Location
- Countries: Peru

Physical characteristics
- Source: Mayantuyacu
- • location: Agua Caliente, Peru
- • coordinates: 8°48′50″S 74°44′24″W﻿ / ﻿8.814°S 74.740°W
- • elevation: 265 m (869 ft)
- Mouth: Pachitea River
- • location: Honoria, Peru
- • coordinates: 8°48′04″S 74°42′32″W﻿ / ﻿8.801°S 74.709°W
- • elevation: 160 m (520 ft)
- Length: 9 km (5.6 mi)
- • maximum: 25 m (82 ft)
- • maximum: 6.1 m (20 ft)

Basin features
- Progression: Pachitea River → Ucayali River → Amazon → Atlantic Ocean
- River system: Amazon River

= Shanay-timpishka =

River in Peru

The Shanay-timpishka, more popularly known as the "Boiling River of the Amazon", is a tributary of the Pachitea River, which subsequently flows into the Ucayali River, the main headstream of the Amazon River. It is one of the largest documented thermal rivers in the world; the entire river system is around 9 km, but only the lower 6.3 km is thermal. Its deepest point is around 4.5 m, and its widest is around 30 m.

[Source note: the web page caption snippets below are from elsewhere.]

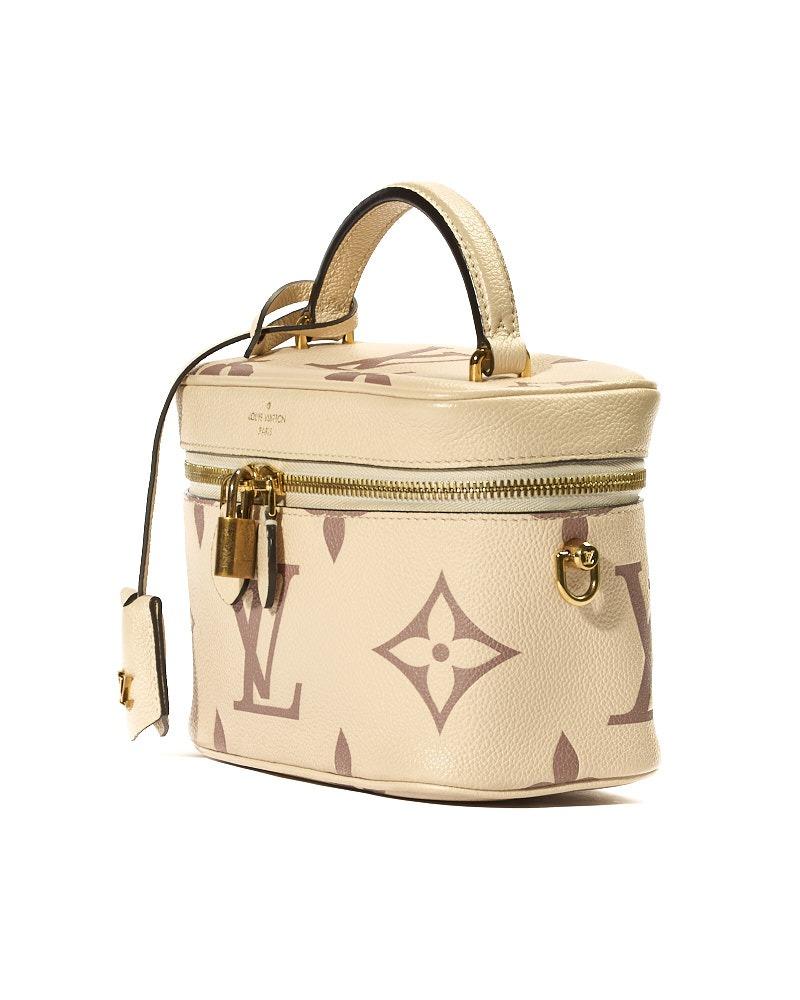 Beige Louis Vuitton Vanity PM Empreinte Giant Monogram Cream For Sale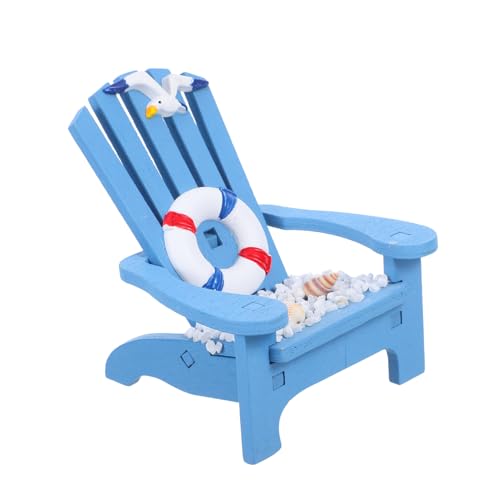 TOYANDONA Mediterraner Strandstuhl aus Holz für Tischdekoration Kompakte Deko für Puppenhaus Mikrolandschaften Kinderzimmer und Entspannendes Design von TOYANDONA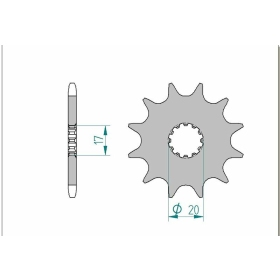 AFAM Steel Standard Front Sprocket 40300 - 520 9-12 teeth BETA EVO / REV 125-300cc 00-04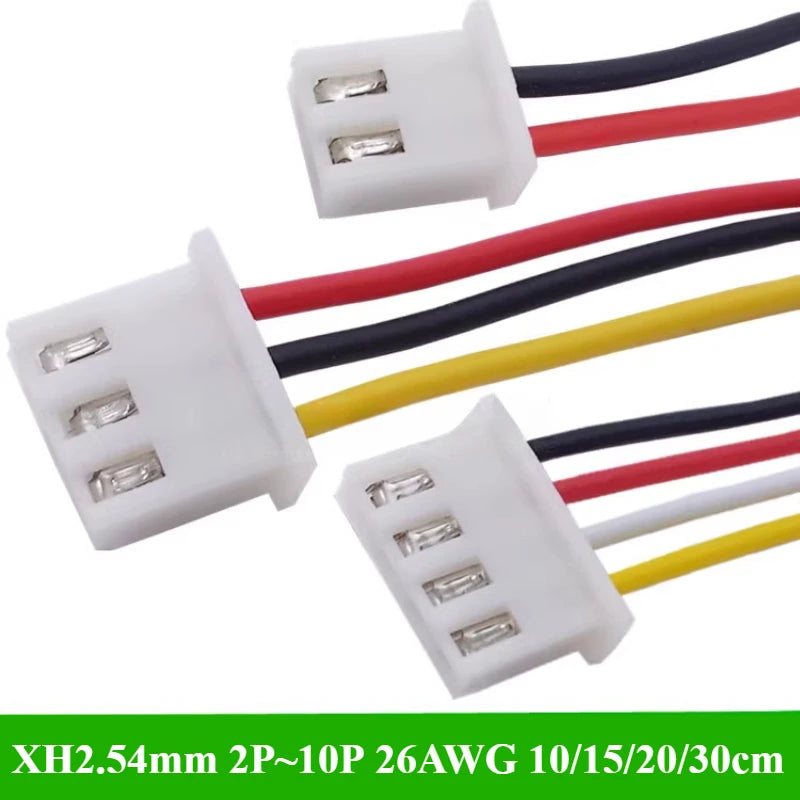 JST XH2.54 Electronic Wire Single Head Tin Plated Connecting Wire 10cm/15cm/20cm/30CM XH 2.54mm Pitch Cable 2/3/4/5/6/7/8/9/10P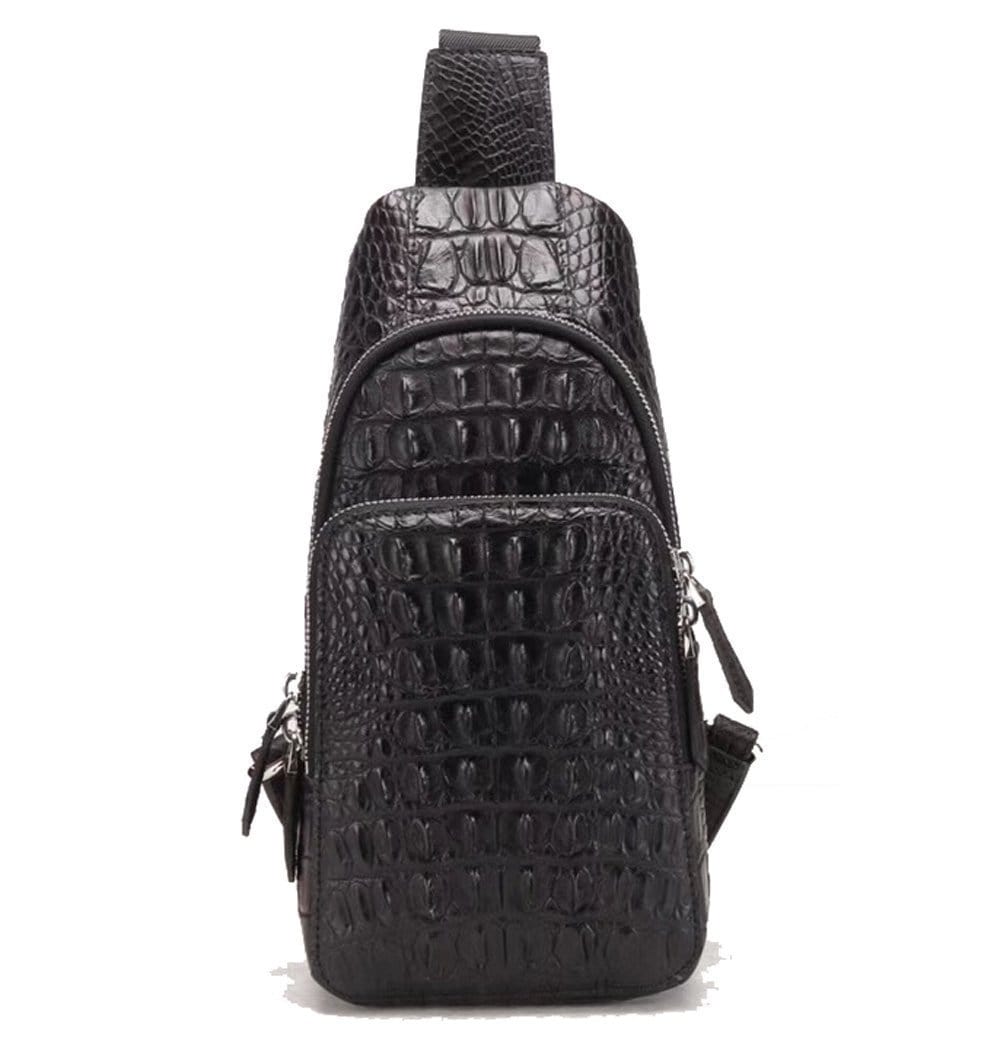 Genuine Crocodile Leather Chest Bag,Men Crossbody Sling Backpack Outdoor Shoulder Travel One Shoulder Daypack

At its headwaters, its temperatures are that of a typical jungle stream at around 27 C. As the stream flows over geologic fault-zones, hot geothermal waters rise from deep in the earth and increase the temperature greatly: the hottest temperature ever measured in the river was 99.1 C in a hot spring, while the hottest average river temperature ever recorded was nearly 95 C.

== Name ==
The Quechua name "Shanay-timpishka" means 'boiled by the heat of the sun'—from shanay (heat of the sun) and t'impuy ("to boil"), though the source of the heat is actually geothermal.

The most popular name for this site is "Boiling River" or "Río Hirviente" (Spanish). An individual hot spring in the river is commonly known as “La Bomba" (The Pump).

== Location and mythology ==
The river is located in Peru, in the State of Huánuco, the Province of Puerto Inca, and the District of Honoria. As part of the Pachitea River's watershed, it is located in Amazon "omagua" (low) jungle. Three communities are located along the Boiling River: Mayantuyacu, Santuario Huishtín, and Shanay-timpishka Center.

Local shamans believe that the boiling water is birthed by Yacumama, a giant serpent spirit known as the "Mother of the Waters."

== Scientific explanation ==
Andrés Ruzo, a geothermal scientist, has investigated the source of the heat. He initially learned of it as a child from his grandfather. The river maintains its high temperature despite not being near any known active volcanoes or geothermal vents, which normally provide geothermal heating for groundwater. Despite its unique nature, National Geographic has described it as an entirely natural feature: a non-volcanic, geothermal feature flowing at anomalously high rates. The predominant theory for the source of this heat is from the geothermal gradient of the Earth. Being closer to the Earth's mantle, underground water tends to be of a higher temperature than surface water. The theory is that rainwater falls onto the surface of the Amazon Rainforest and finds deep-rooted faults where it travels down into the crust. The water is thus heated in accordance with the geothermal gradient. It is then likely fed to the surface of the Earth through fault-fed hot springs that act to heat up the river along its stretch.

== Threats ==
The area faces threats from deforestation. According to National Geographic, up to ninety-nine percent of this is the result of local indigenous populations selling the higher-value lumber from larger trees, then clear-burning the rest. The only section of pristine jungle remaining is the concession granted to Maple Energy, a local oil and gas company, which complies with environmental regulations under penalty of fines.